* [PROBLEM TO SOLVE]:
Pictures aside, the output must consist of the lines from the one containing "Sideboard Gammelt træ" through the end of the data, reproduced exactly.

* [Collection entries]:
━━━━━━━━━━

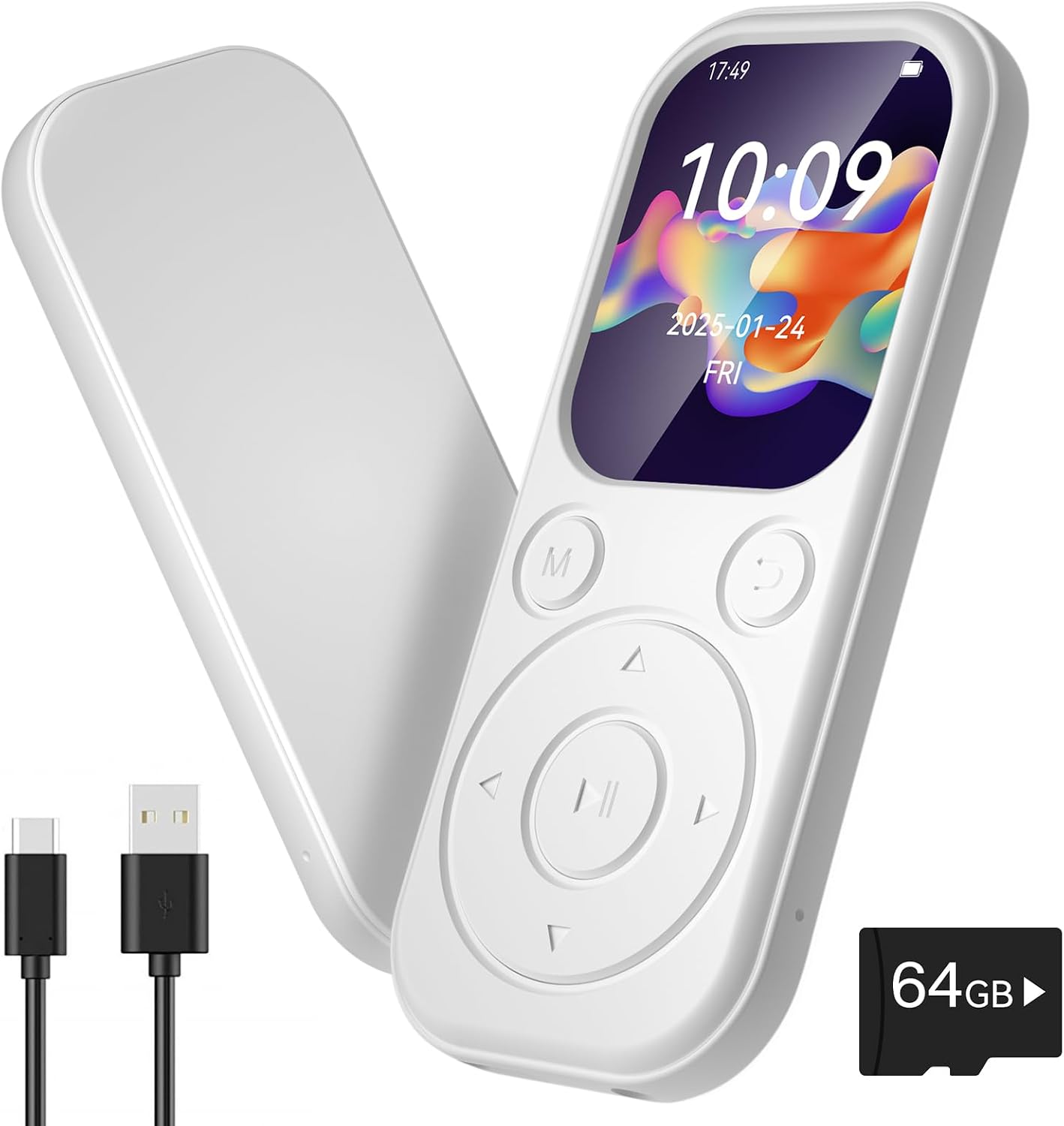 موزیک پلیر 64 گیگ HiFi - Mp3 برند Olycism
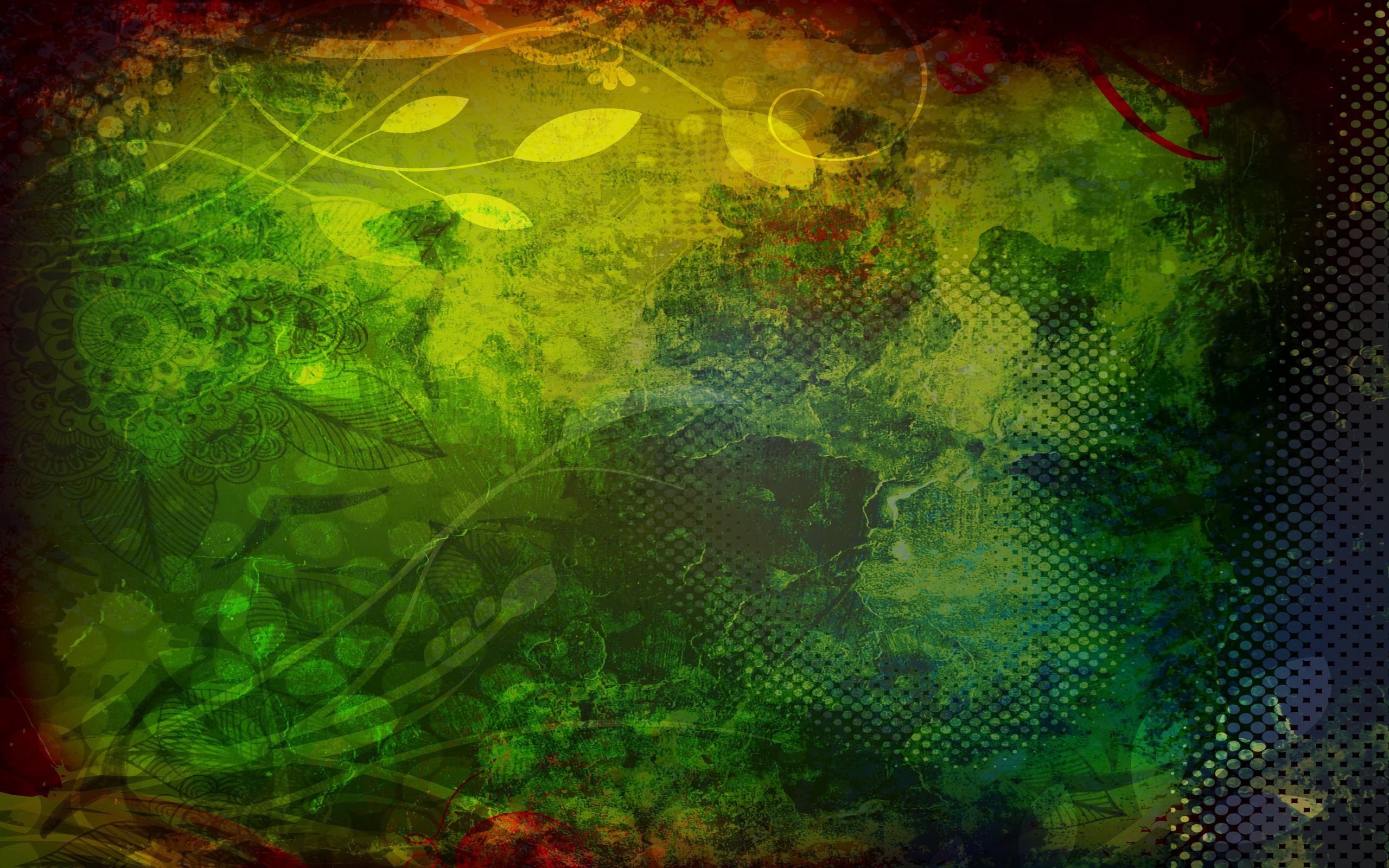 Abstract Grunge 2560x1600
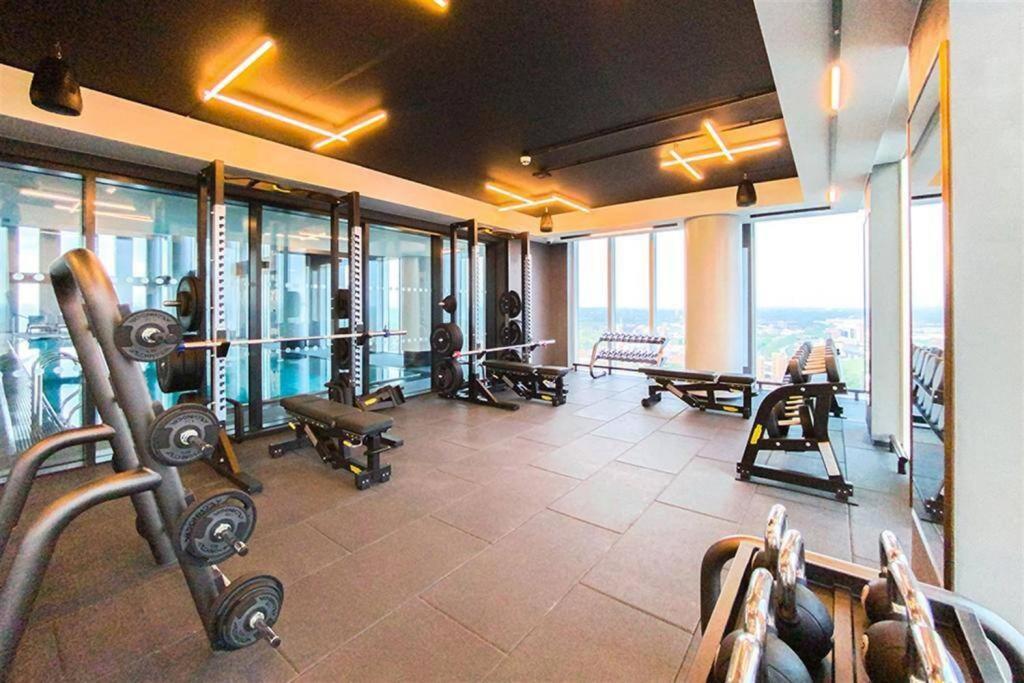 Luxury 2 Bedroom Apartment Manchester City Centre Bagian luar foto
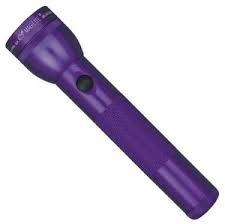 purple flashlight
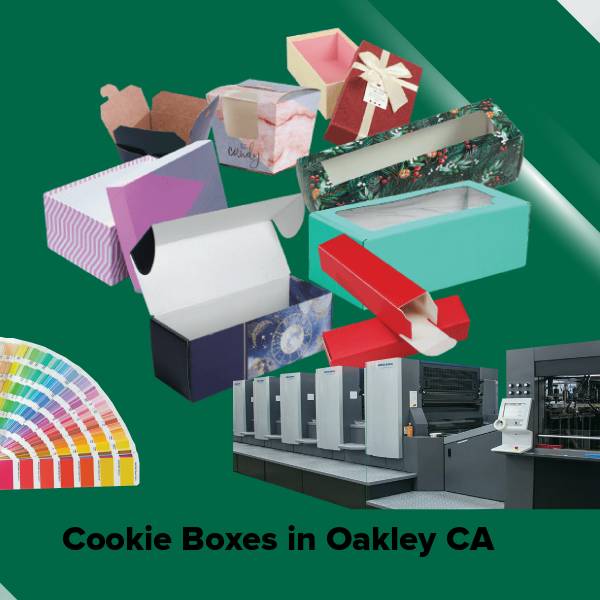 Cookie boxes in oakley ca
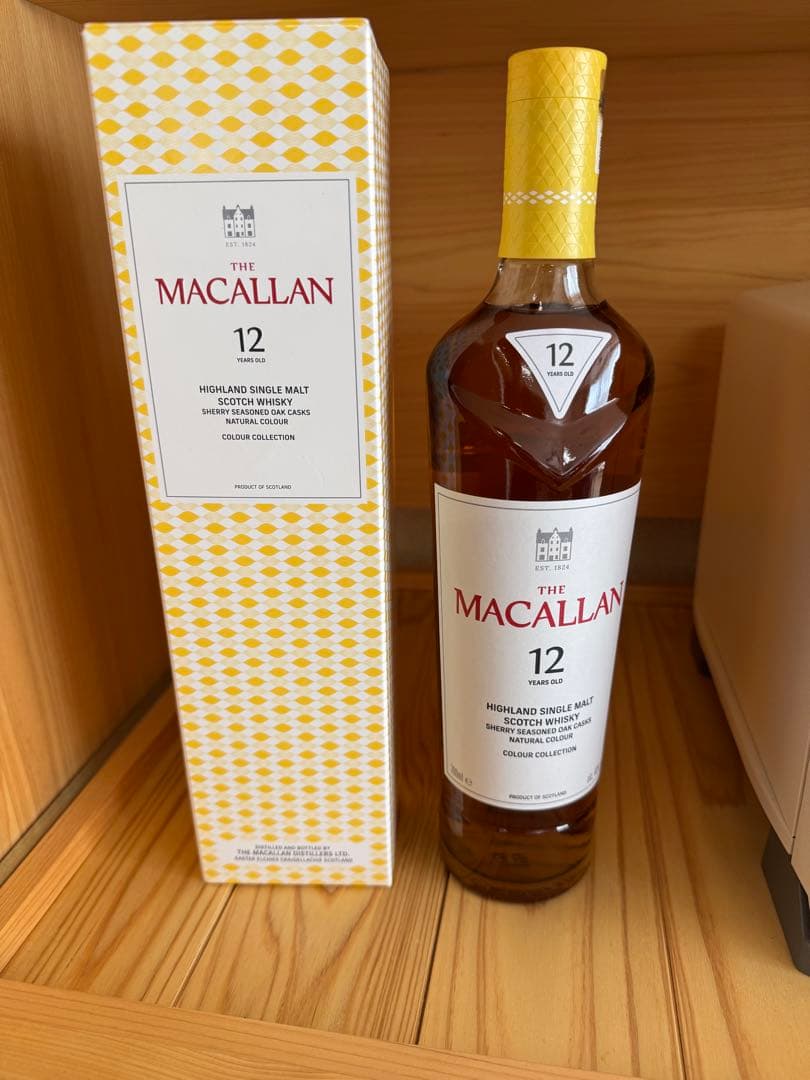 マッカラン　THE MACALLAN 12年 ハイランドシングルモルトウイスキー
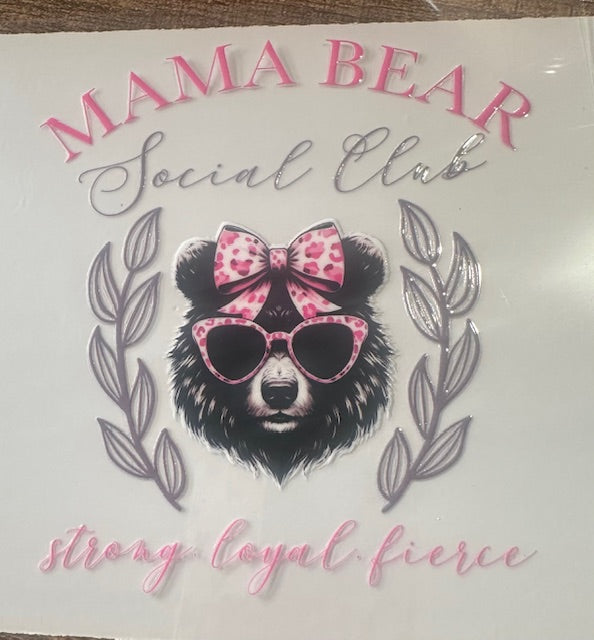 Mama bear social club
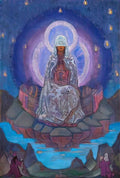 Nicholas Roerich mother of the world 1937 Art A4 Photo Print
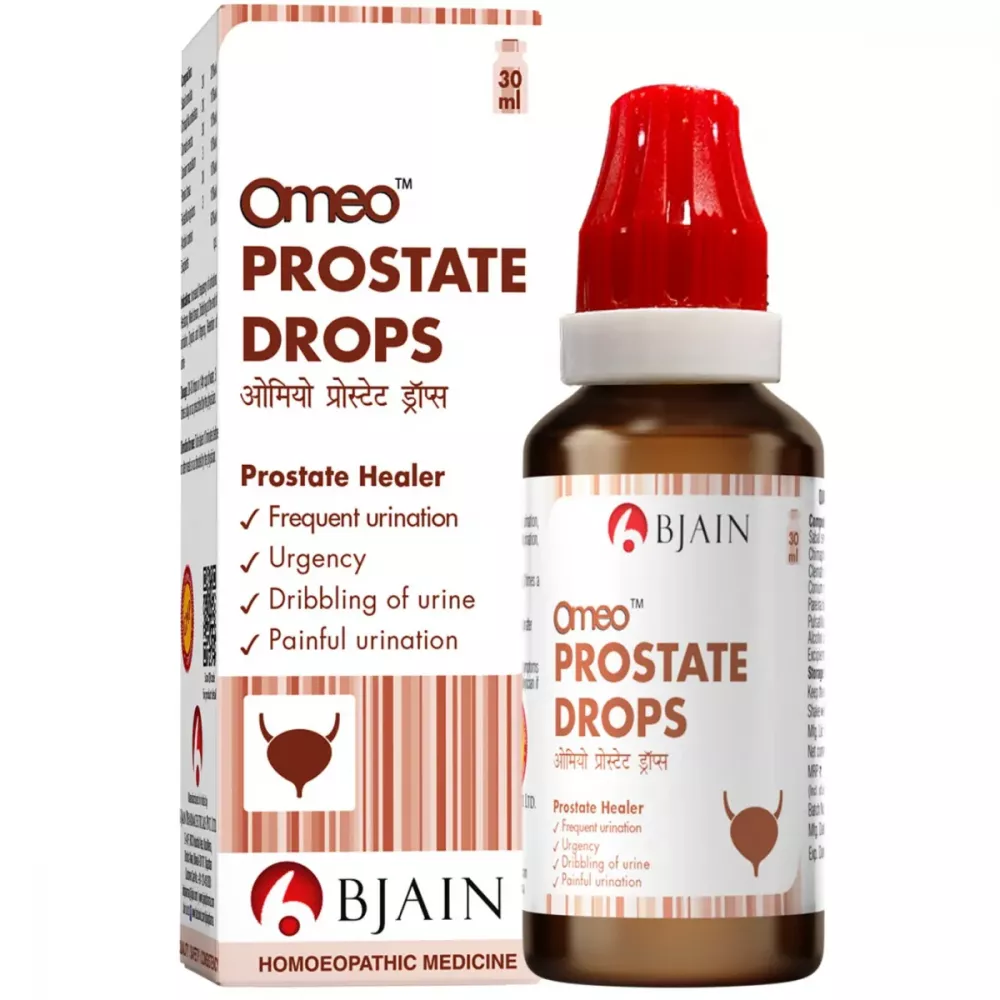 BJain Omeo Prostate Drops (30ml)
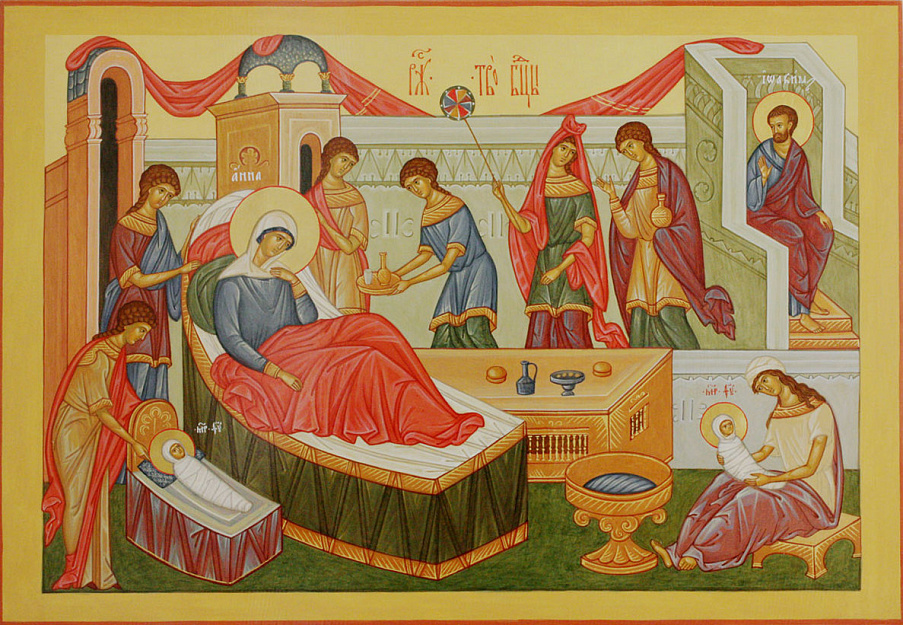Православные христиане готовятся к празднованию Рождества Пресвятой Богородицы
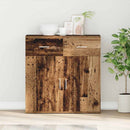 Sideboard Gammelt træ 78 x 38 x 80 cm Konstrueret træ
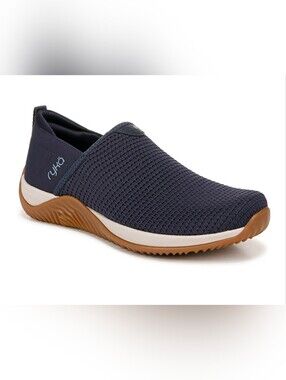 NIB Ryka Echo Unwind Knit Slip On Sneaker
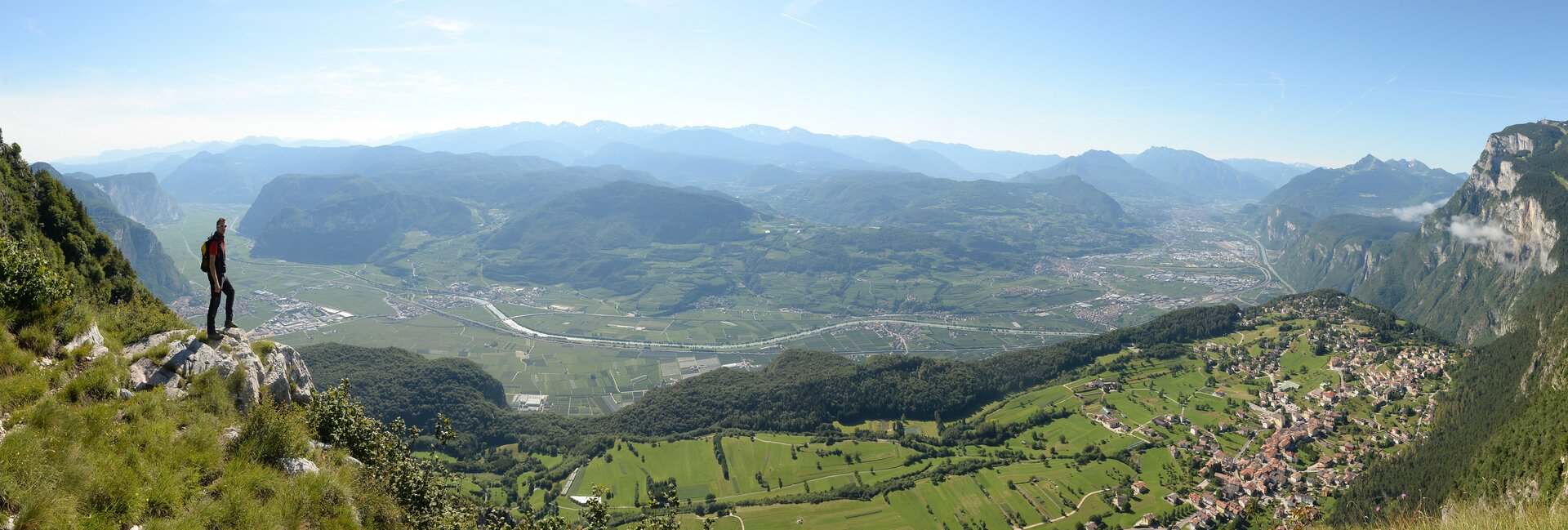 Panoramica da Croce Fausior_ph. Tonina  | © Panoramica da Croce Fausior_ph. Tonina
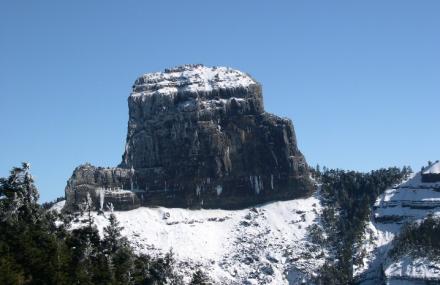 大霸尖山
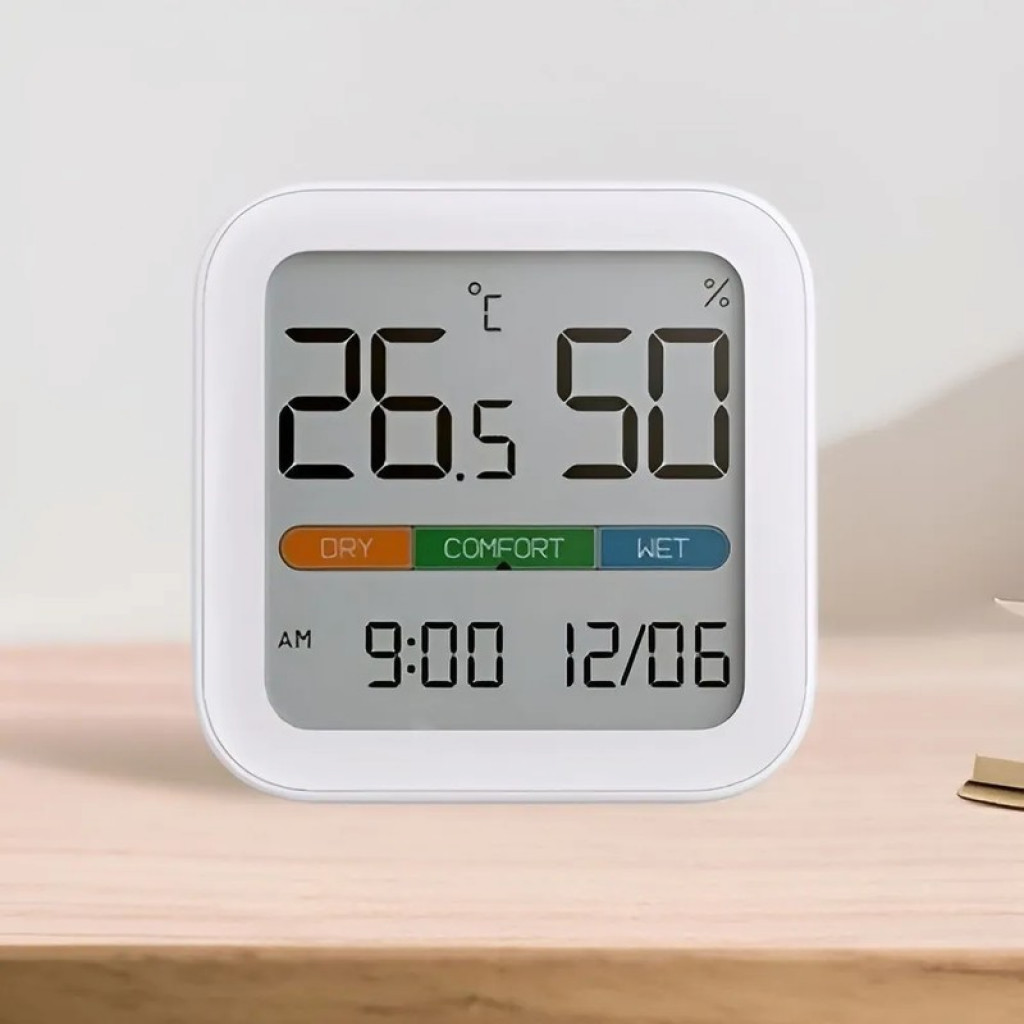 Метеостанция Xiaomi MIIIW Comfort Temperature And Humidity Clock S210 (MW22S06) Метеостанция Xiaomi MIIIW Comfort Temperature And Humidity Clock S210 (MW22S06)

━━━━━━━━━━

* [RESULT BELOW]:
 Sideboard Gammelt træ 78 x 38 x 80 cm Konstrueret træ
 NIB Ryka Echo Unwind Knit Slip On Sneaker
 Panoramica da Croce Fausior_ph. Tonina  | © Panoramica da Croce Fausior_ph. Tonina
 大霸尖山
 Метеостанция Xiaomi MIIIW Comfort Temperature And Humidity Clock S210 (MW22S06) Метеостанция Xiaomi MIIIW Comfort Temperature And Humidity Clock S210 (MW22S06)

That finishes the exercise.